Bancroft: ::sighing theatrically:: Alright fine. Let it be a cautionary tale, then. Still – ::gesturing around them:: We’re here. We’re learning… things. We’re growing as officers. I see this as an absolute win.


Lieutenant Storm didn’t answer. She just looked at Imril, then at him, black eyes boring through him a few seconds longer than he’d expected.


Then she touched Roy’s elbow. Just a brief pressure, but deliberate.


She nodded to indicate the side of the room and moved there without a word, trusting he’d follow.


He did.


There was a part of him – young, wired tight with childhood programming – that still read being singled out as a prelude to failure.
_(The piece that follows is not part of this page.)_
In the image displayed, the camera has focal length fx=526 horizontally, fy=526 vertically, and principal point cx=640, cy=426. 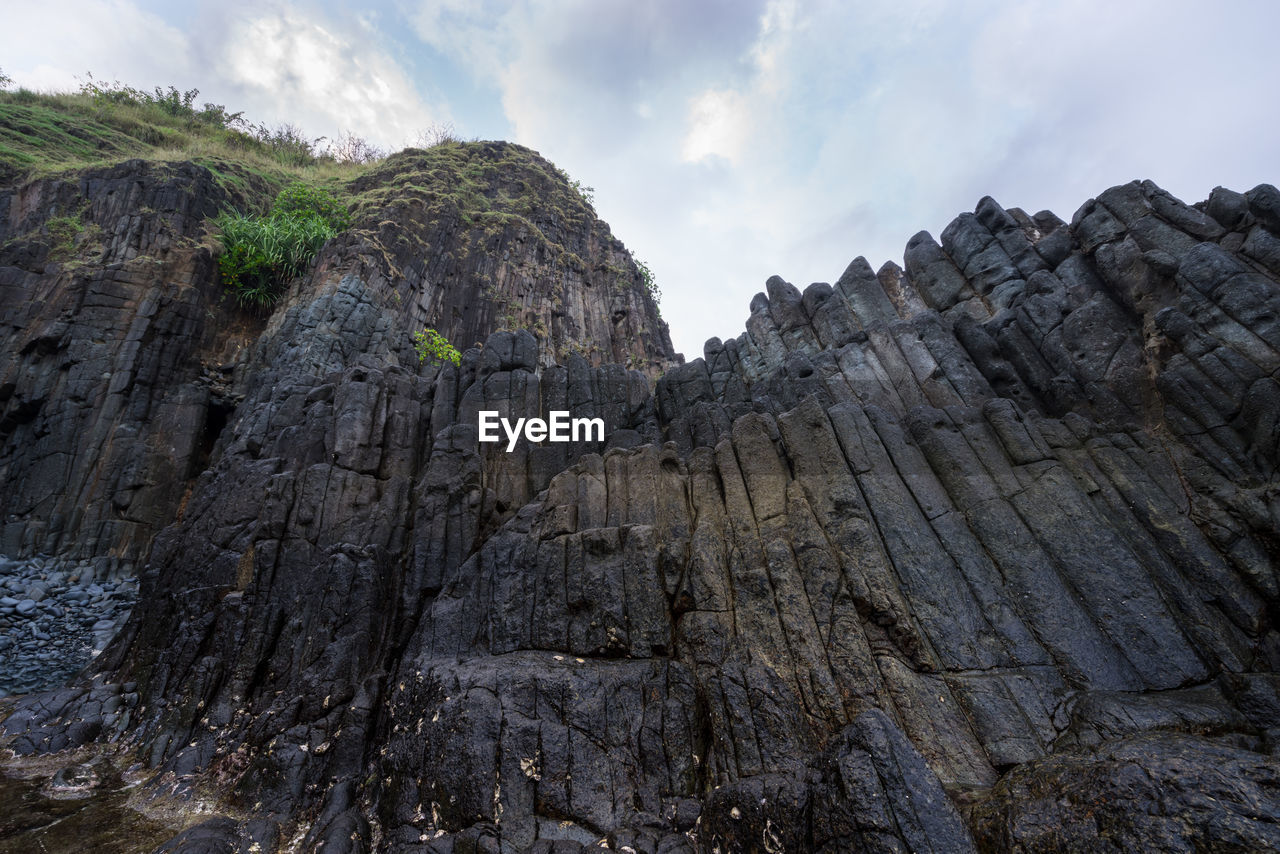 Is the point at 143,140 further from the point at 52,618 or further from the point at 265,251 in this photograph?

Not feedback. Not coaching. Failure. A red mark on a test he hadn’t even started yet.


But there was another part of him – quieter and more recent – that didn’t read it that way at all.
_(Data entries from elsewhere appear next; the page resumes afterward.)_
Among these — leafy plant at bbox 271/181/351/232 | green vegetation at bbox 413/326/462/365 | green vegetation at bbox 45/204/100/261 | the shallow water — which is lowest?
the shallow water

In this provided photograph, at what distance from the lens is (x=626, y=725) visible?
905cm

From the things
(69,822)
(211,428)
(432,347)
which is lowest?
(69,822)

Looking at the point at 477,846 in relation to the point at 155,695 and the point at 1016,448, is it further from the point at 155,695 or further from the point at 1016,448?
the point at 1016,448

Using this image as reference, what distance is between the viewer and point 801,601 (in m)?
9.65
There was something in the way she touched his arm. The tone of her voice. The absence of sharp edges. It felt less like criticism and more like… care.


Storm:  ::Her voice low:: Roy, I was playing with you earlier when I said this won’t hurt much.  ::Bouncing her head back and forth:: I can sense you’re nervous.  Relax.  You’re going to do fine. Okay?


This was an unusual feeling for him. He was used to being judged. Assessed. He was far less used to being reassured.


Damned Betazoids


Not that she was wrong. He was nervous. The strange part was trying to decipher why.


Storm smiled again – genuine and gentle – and gave his upper arm a soft squeeze. Very touchy, this one. Normally he’d have minded, only just. Strange that he didn’t.


She mouthed ‘you’ve got this’ before returning to the center of the room where Imril waited. Roy followed without comment, his expression neutral.


Storm:   Let’s get this underway.  Computer:  Set up two targets on the far wall, both equidistant from each other and the sides.  Give me a firing line on the ground at seven meters.


The requested elements shimmered into existence with that subtle photonic flicker unique to Starfleet holodecks: targets at the far wall and a glowing white line on the deck before them.


Storm:  Why don’t you each grab a phaser and stand on the line, but don’t fire.  Let me see how you aim first.


Roy watched as Imril selected a phaser, their fingers deft on the controls. Power output adjustment. Safety confirmed active. All proper.


He picked up his own, mimicking the adjustments quietly. He knew what to do, academically. Practically? That was still very foreign.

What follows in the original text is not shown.